Re: use And or Where to filter join table in Update statement?

From: Joe Celko (jcelko212_at_earthlink.net)
Date: 05/13/04


Date: Thu, 13 May 2004 16:07:38 -0700

Please post DDL, so that people do not have to guess what the keys,
constraints, Declarative Referential Integrity, datatypes, etc. in your
schema are. What you posted is garbage.

The the prefixes on the names you invented are in involation of
ISO-11179. You don't know that rows are not records; fields are not
columns; tables are not files. If an id is not required to be unique
then it is not an identifier by definition. You failed to use ISO-8601
date formats.

Let's start with the basics: There is no FROM clause in a Standard SQL
UPDATE statement; it would make no sense.
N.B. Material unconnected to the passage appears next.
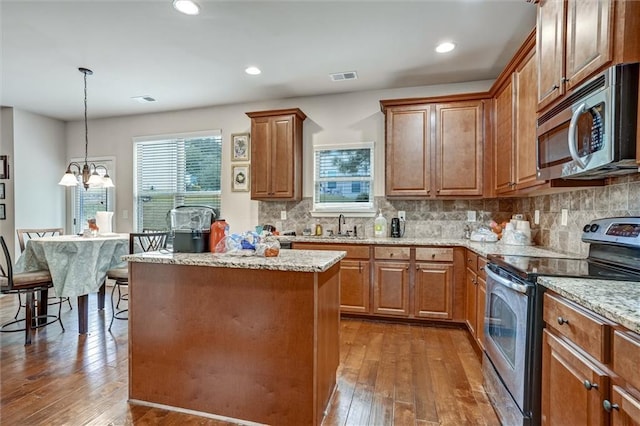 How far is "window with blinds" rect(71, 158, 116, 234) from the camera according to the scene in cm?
534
Other products (SQL Server,
Sybase and Ingres) also use the UPDATE .. FROM syntax, but with
different semantics. So it does not port, or even worse, when you do
move it, it trashes your database. Other programmers cannot read it and
maintaining it is harder. And when Microsoft decides to change it, you
will have to do a re-write. Remember the deprecated "*=" versus "LEFT
OUTER JOIN" conversions?

The correct syntax for a searched update statement is

<update statement> ::=
  UPDATE <table name>
     SET <set clause list>
  [WHERE <search condition>]

<set clause list> ::=
  <set clause> [{ , <set clause> }...]

<set clause> ::= <object column> = <update source>

<update source> ::= <value expression> | NULL | DEFAULT

<object column> ::= <column name>

The UPDATE clause simply gives the name of the base table or updatable
view to be changed.

Notice that no correlation name is allowed in the UPDATE clause; this is
to avoid some self-referencing problems that could occur. But it also
follows the data model in Standard SQL. When you give a table expression
a correlation name, it is to act as if a materialized table with that
correlation name has been created in the database. That table then is
dropped at the end of the statement. If you allowed correlation names
in the UPDATE clause, you would be updating the materialized table,
which would then disappear and leave the base table untouched.
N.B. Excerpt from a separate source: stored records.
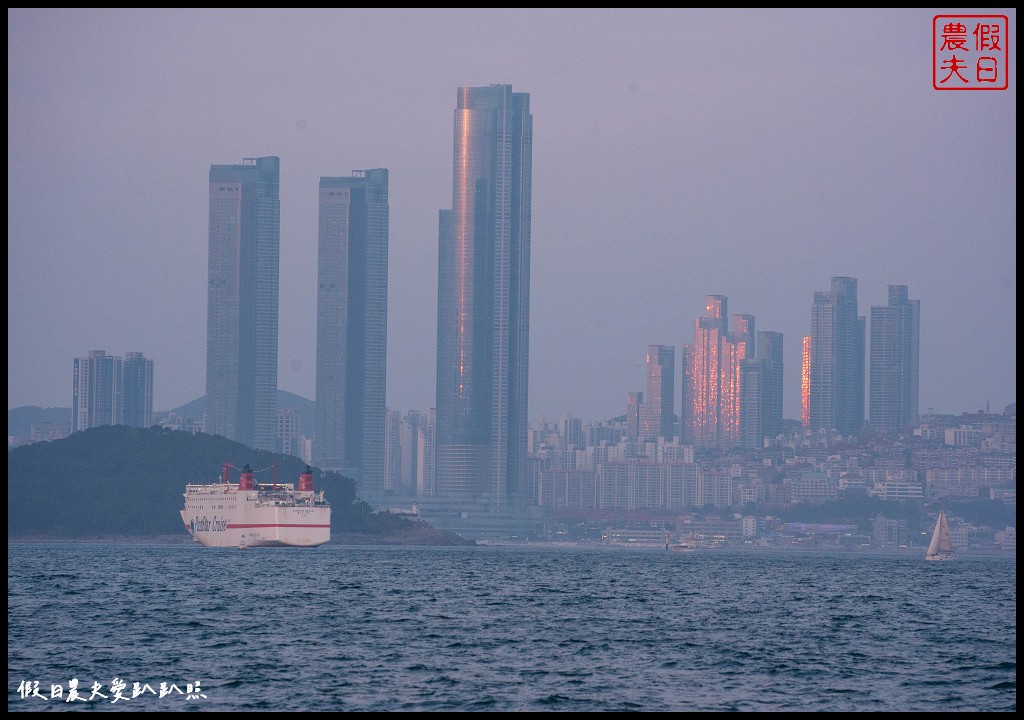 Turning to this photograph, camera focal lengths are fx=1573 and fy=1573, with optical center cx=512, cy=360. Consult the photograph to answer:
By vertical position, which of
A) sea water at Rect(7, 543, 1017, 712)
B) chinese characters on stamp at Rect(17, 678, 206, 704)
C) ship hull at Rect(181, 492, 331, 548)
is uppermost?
chinese characters on stamp at Rect(17, 678, 206, 704)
The SET clause is a list of columns to be changed or made; the WHERE
clause tells the statement which rows to use. For this discussion, we
will assume the user doing the update has applicable UPDATE privileges
for each <object column>.

* The WHERE Clause

As mentioned, the most important thing to remember about the WHERE
clause is that it is optional. If there is no WHERE clause, all rows in
the table are changed. This is a common error; if you make it,
immediately execute a ROLLBACK statement.
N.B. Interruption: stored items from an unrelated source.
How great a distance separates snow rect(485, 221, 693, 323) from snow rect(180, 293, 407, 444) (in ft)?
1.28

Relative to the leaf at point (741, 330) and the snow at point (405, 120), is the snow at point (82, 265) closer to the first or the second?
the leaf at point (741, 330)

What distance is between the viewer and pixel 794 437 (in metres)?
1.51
All rows that test TRUE for the <search condition> are marked as a
subset and not as individual rows. It is also possible that this subset
will be empty. This subset is used to construct a new set of rows that
will be inserted into the table when the subset is deleted from the
table. Note that the empty subset is a valid update that will fire
declarative referential actions and triggers.

* The SET Clause

Each assignment in the <set clause list> is executed in parallel and
each SET clause changes all the qualified rows at once. Or at least
that is the theoretical model. In practice, implementations will first
mark all of the qualified rows in the table in one pass, using the WHERE
clause. If there were no problems, then the SQL engine makes a copy of
each marked row in working storage. Each SET clause is executed based
on the old row image and the results are put in the new row image.
Finally, the old rows are deleted and the new rows are inserted. If an
error occurs during all of this, then system does a ROLLBACK, the table
is left unchanged and the errors are reported. This parallelism is not
like what you find in a traditional third-generation programming
language, so it may be hard to learn. This feature lets you write a
statement that will swap the values in two columns, thus:

UPDATE MyTable
SET a = b, b = a;

This is not the same thing as

BEGIN ATOMIC
UPDATE MyTable
SET a = b;
UPDATE MyTable
SET b = a;
END;

In the first UPDATE, columns a and b will swap values in each row. In
the second pair of UPDATEs, column a will get all of the values of
column b in each row. In the second UPDATE of the pair, a, which now
has the same value as the original value of b, will be written back into
column b -- no change at all. There are some limits as to what the
value expression can be. The same column cannot appear more than once
in a <set clause list> -- which makes sense, given the parallel nature
of the statement. Since both go into effect at the same time, you would
not know which SET clause to use.

If a subquery expression is used in a <set clause>, and it returns a
single value, the result set is cast to a scalar; if it returns an
empty, the result set is cast to a NULL; if it returns multiple rows, a
cardinality violation is raised.

Want to try again and get right or are you just looking a kludge?